KELEMEN: The European Union, along with France, Germany and the U.K., are trying to salvage the nuclear deal, which they say is working to limit Iran's nuclear program. They're vowing to try to protect European companies doing business that is allowed under the agreement, which was endorsed by the U.N. Security Council.
But Bolton says while European governments might want to adhere to the deal, their companies are, quote, "running from it." And there's some truth to that, says Jarrett Blanc, a former State Department official now with the Carnegie Endowment for International Peace.
JARRETT BLANC: Any large European company that has what we would call a nexus to the United States - so a major business connection to the United States - is probably not going to choose to risk U.S. sanctions, regardless of their government's perspective, because the U.S. market is just so much more important to them than the Iranian market.
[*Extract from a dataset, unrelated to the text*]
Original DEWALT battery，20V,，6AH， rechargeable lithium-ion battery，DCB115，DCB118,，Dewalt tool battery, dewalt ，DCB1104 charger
KELEMEN: But the picture is more complicated than that, as governments try to help companies that don't have ties to the U.S.
BLANC: The amount of intellectual energy that's going into Europe figuring out how to work around U.S. sanctions is bad for us in the mid to long term.
KELEMEN: That's because countries could learn new ways to avoid the U.S. financial system. Iran's President Hassan Rouhani, meanwhile, is urging Europe, Russia and China to do more to salvage the deal as the U.S. ramps up sanctions.
President Trump has offered to meet with him, but Rouhani was quoted in a speech today saying that if someone wants to talk, he should first put away his knife. Michele Kelemen, NPR News, the State Department.